In order to avoid delay and promote the development of Iraqi solutions to Iraqi problems, the U.S. government should support efforts currently underway to develop a domestic framework for restitution, compensation and housing assistance for the displaced. As discussed, the Iraqis already have resources, a dedicated Ministry and domestic legal expertise for these tasks. However, they stand to benefit from capacity building and comparative international experience, both of which could be provided directly, in the form of seminars and trainings, and indirectly, through U.S. support of the UN Assistance Mission for Iraq in carrying out its mandate to facilitate “the safe, orderly, and voluntary return . . . of refugees and displaced persons.”

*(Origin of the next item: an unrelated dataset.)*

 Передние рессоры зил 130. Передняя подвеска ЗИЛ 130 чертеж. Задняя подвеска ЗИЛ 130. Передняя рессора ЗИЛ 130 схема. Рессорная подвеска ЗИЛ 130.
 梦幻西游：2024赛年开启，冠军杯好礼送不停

The aforementioned U.S. support should be structured so as to encourage a move away from ad hoc initiatives and toward greater consistency and clarity in handling property claims. The willingness expressed by representatives of Iraq’s judiciary to encourage ongoing local mediation of property disputes is a particularly promising development that could build greater legal certainty into the most demonstrably viable restitution efforts in Iraq to date. More broadly, restitution efforts should be integrated with related post-conflict and development programming—such as reparations for victims of serious human rights abuses or housing construction—in order to avoid duplication of efforts.
If the Iraqi authorities fulfill their commitments to address displacement through rights-based means like restitution, they will not only have demonstrated their ability to protect the most vulnerable of their citizens; they will also have laid the groundwork for a viable political process that will not be marred for generations by lingering disputes and grievances. Such an effort deserves our full support.
Note U.S. Department of State, Bureau of European and Eurasian Affairs, “Property Restitution in Central and Eastern Europe” (October 3, 2007).
Survey conducted for ABC News, the BBC, ARD and NHK by D3 Systems of Vienna, Virginia, and KA Research Ltd. of Istanbul, Turkey.
International Organization for Migration (IOM), “Iraq Displacement and Return: 2008 Mid-Year Review” (July 2008).